● **EXERCISE GOAL**:
Excerpt from the entries below: please repeat exactly the lines from the one containing "Nike SB Dunk Low Orange Cyan DV5429800" through the last one, both ends included, with no pictures.

● **PROVIDED ENTRIES**:
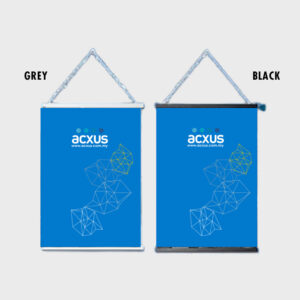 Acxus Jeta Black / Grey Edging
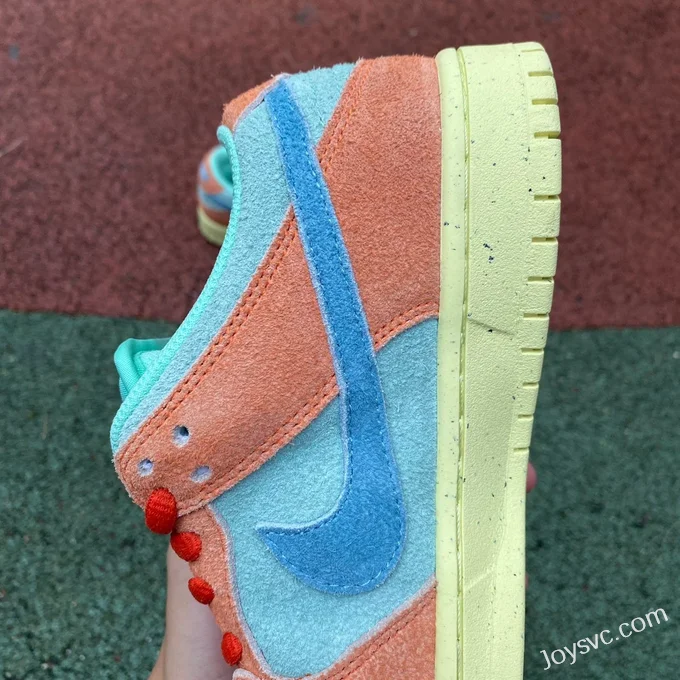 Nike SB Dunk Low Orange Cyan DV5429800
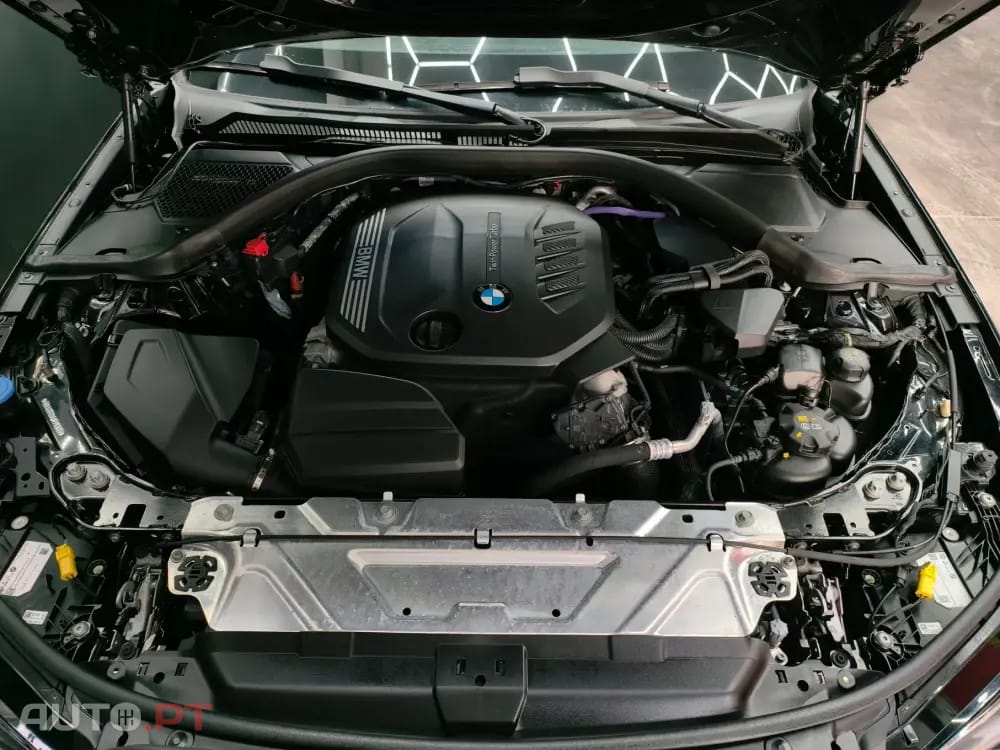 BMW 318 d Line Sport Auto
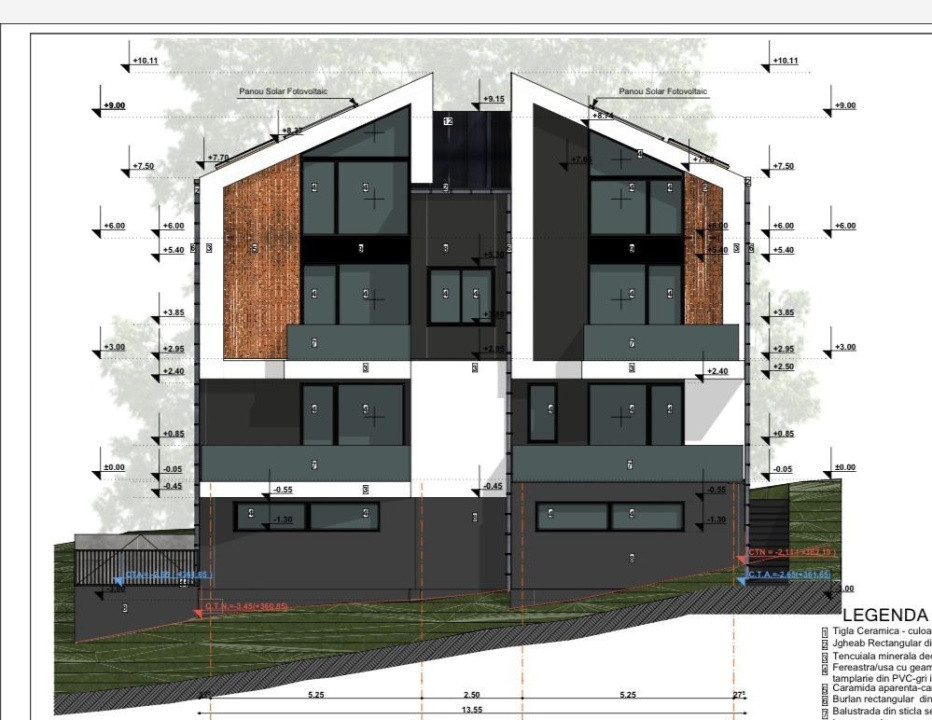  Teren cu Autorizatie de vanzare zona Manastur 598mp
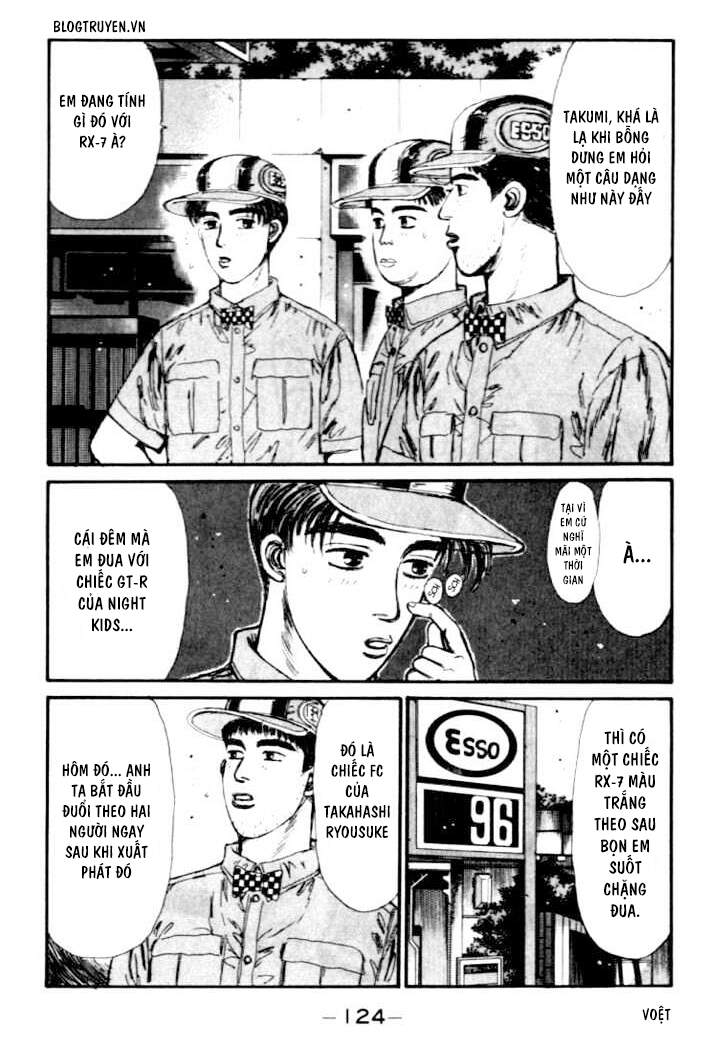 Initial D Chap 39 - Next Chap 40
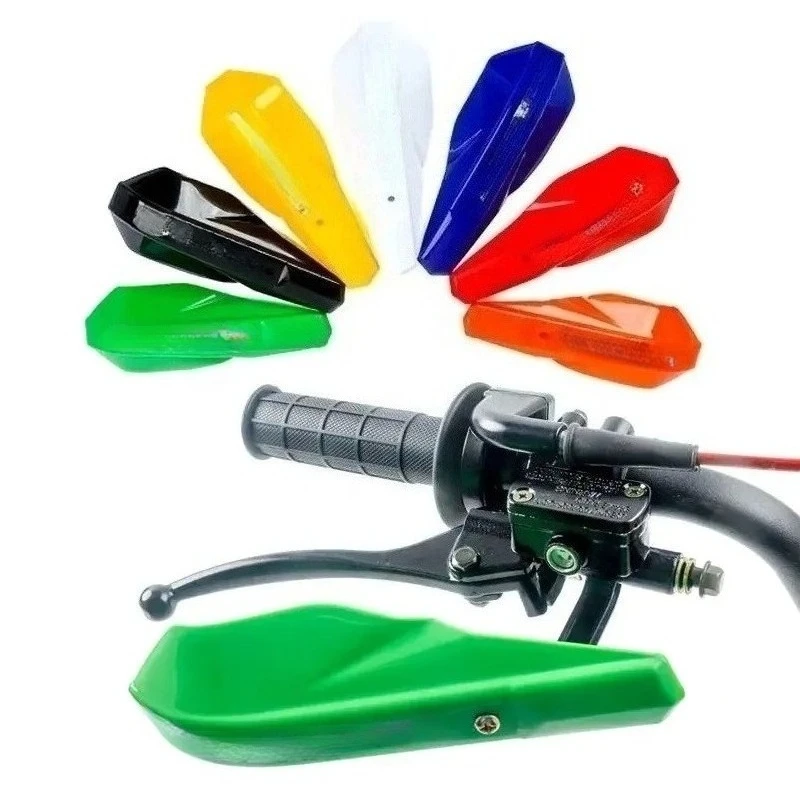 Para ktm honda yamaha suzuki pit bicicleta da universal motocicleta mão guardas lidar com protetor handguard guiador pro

● **TASK SOLUTION**:
 Nike SB Dunk Low Orange Cyan DV5429800
 BMW 318 d Line Sport Auto
  Teren cu Autorizatie de vanzare zona Manastur 598mp
 Initial D Chap 39 - Next Chap 40
 Para ktm honda yamaha suzuki pit bicicleta da universal motocicleta mão guardas lidar com protetor handguard guiador pro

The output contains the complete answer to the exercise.